Following remarks made during a TV show, Gill was charged with attempting to incite a mutiny in Pakistan’s powerful military, an allegation Khan’s Pakistan Tehreek-e-Insaf (PTI) party denies.

If convicted, Khan risked being disqualified from holding a public post for at least five years, according to Pakistan’s laws.

Following Khan’s apology, the court decided to not indict the cricketing icon-turned-politician, asking him to submit his statement in an affidavit before the next hearing on October 3.

Earlier this week, the same court also dropped terrorism charges against the 69-year-old politician for his remarks during the Islamabad rally.

The former Pakistani leader is also facing a case related to alleged foreign funding for his PTI party.

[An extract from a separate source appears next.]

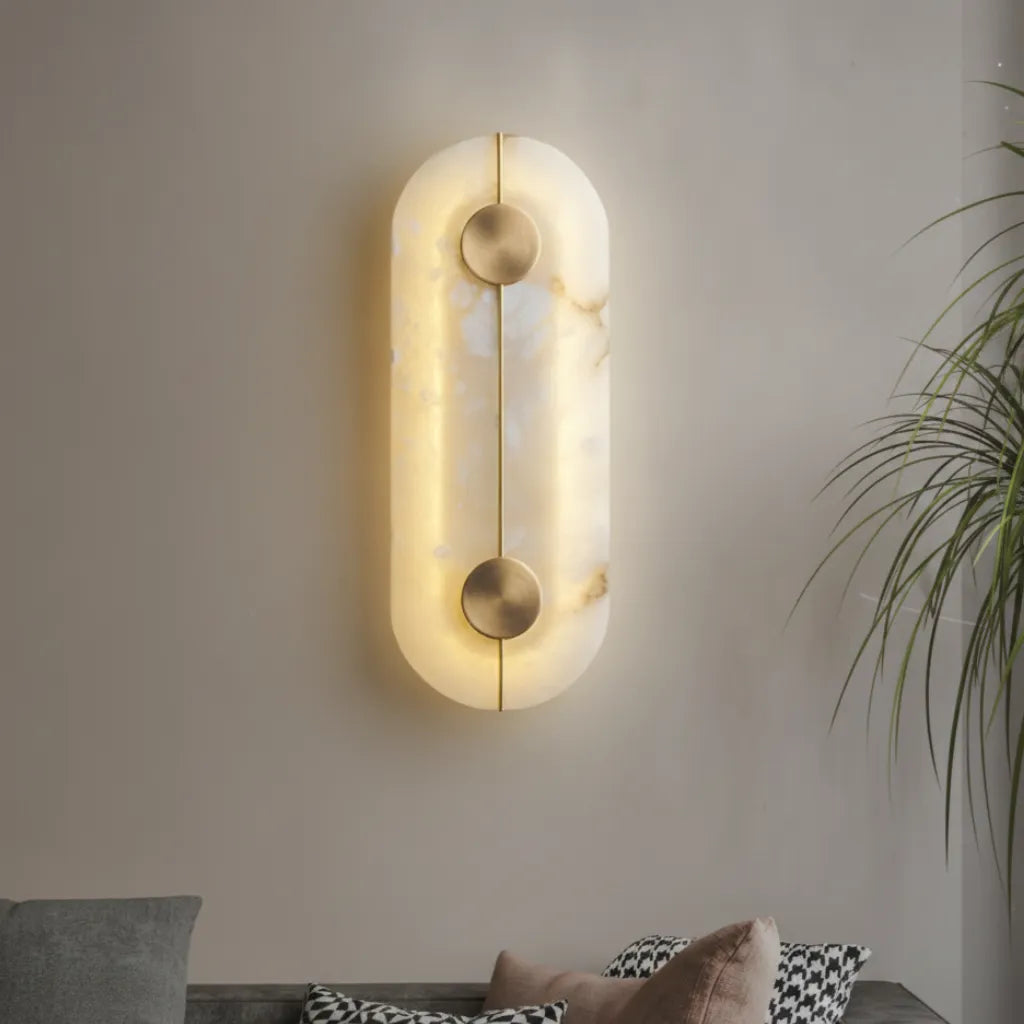 Wall Sconce Lighting with Marble Shade and Copper Frame LED Light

The next hearing in the case is on November 6.

Khan’s government was removed through a parliamentary vote of no-confidence in April this year. Since then, he has been holding public rallies across the country, demanding new elections, which are otherwise due late next year.

“Today, he (Khan) was far more contrite in person compared to his submitted replies, which seemed to have satisfied the bench,” lawyer Munir A Malik, an amicus curiae (court assistant) in the contempt case, told Al Jazeera.

Lahore-based political analyst Mehmal Sarfraz says Khan had no option but to apologise in the contempt case.

“He knew that he must tender an unconditional apology. The court even gave him a couple of opportunities earlier, but his replies failed to satisfy the court,” she told Al Jazeera.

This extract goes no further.